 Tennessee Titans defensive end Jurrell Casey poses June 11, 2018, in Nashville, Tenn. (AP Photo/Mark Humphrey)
——
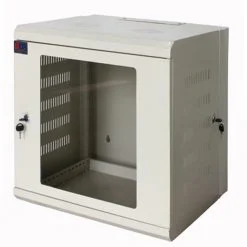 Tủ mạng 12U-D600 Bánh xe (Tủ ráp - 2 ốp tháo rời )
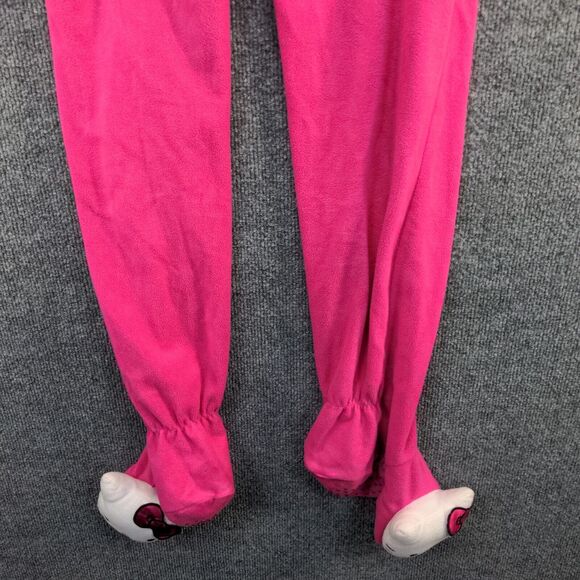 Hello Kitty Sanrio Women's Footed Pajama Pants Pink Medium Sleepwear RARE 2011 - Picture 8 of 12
——
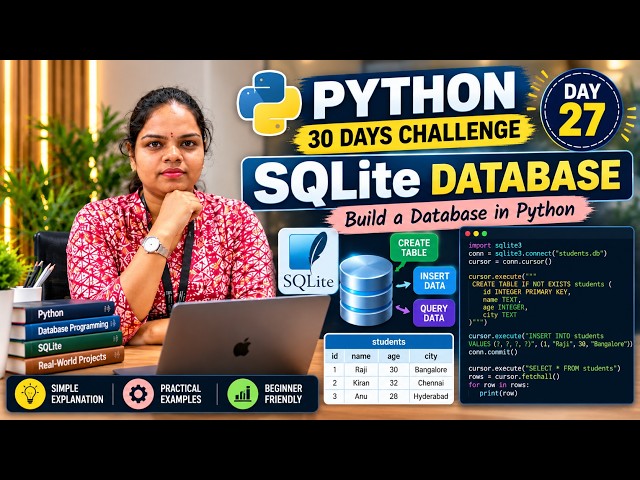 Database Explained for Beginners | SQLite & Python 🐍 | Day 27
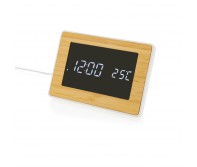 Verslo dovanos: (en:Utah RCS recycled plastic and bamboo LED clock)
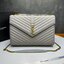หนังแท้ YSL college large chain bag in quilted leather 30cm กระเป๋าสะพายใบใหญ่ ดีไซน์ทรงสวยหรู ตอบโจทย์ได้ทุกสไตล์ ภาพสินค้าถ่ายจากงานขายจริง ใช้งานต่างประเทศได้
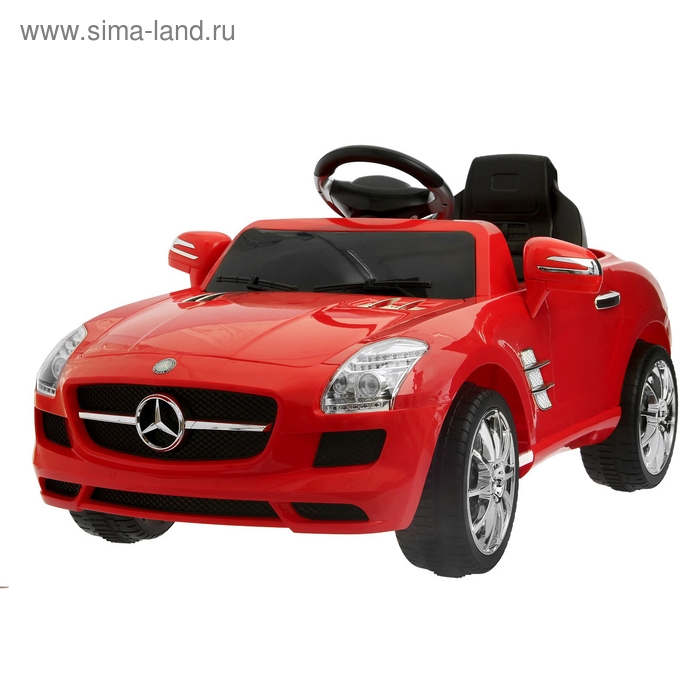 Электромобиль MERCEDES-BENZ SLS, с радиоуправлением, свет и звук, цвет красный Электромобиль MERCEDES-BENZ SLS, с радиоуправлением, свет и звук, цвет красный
——
## TASK PROMPT
Working from the data above, repeat exactly, and only, the lines that begin at the line containing "Database Explained for" and stop after the line containing "цвет красный Электромобиль"; pictures are not copied.

## TASK SOLUTION
 Database Explained for Beginners | SQLite & Python 🐍 | Day 27
 Verslo dovanos: (en:Utah RCS recycled plastic and bamboo LED clock)
หนังแท้ YSL college large chain bag in quilted leather 30cm กระเป๋าสะพายใบใหญ่ ดีไซน์ทรงสวยหรู ตอบโจทย์ได้ทุกสไตล์ ภาพสินค้าถ่ายจากงานขายจริง ใช้งานต่างประเทศได้
 Электромобиль MERCEDES-BENZ SLS, с радиоуправлением, свет и звук, цвет красный Электромобиль MERCEDES-BENZ SLS, с радиоуправлением, свет и звук, цвет красный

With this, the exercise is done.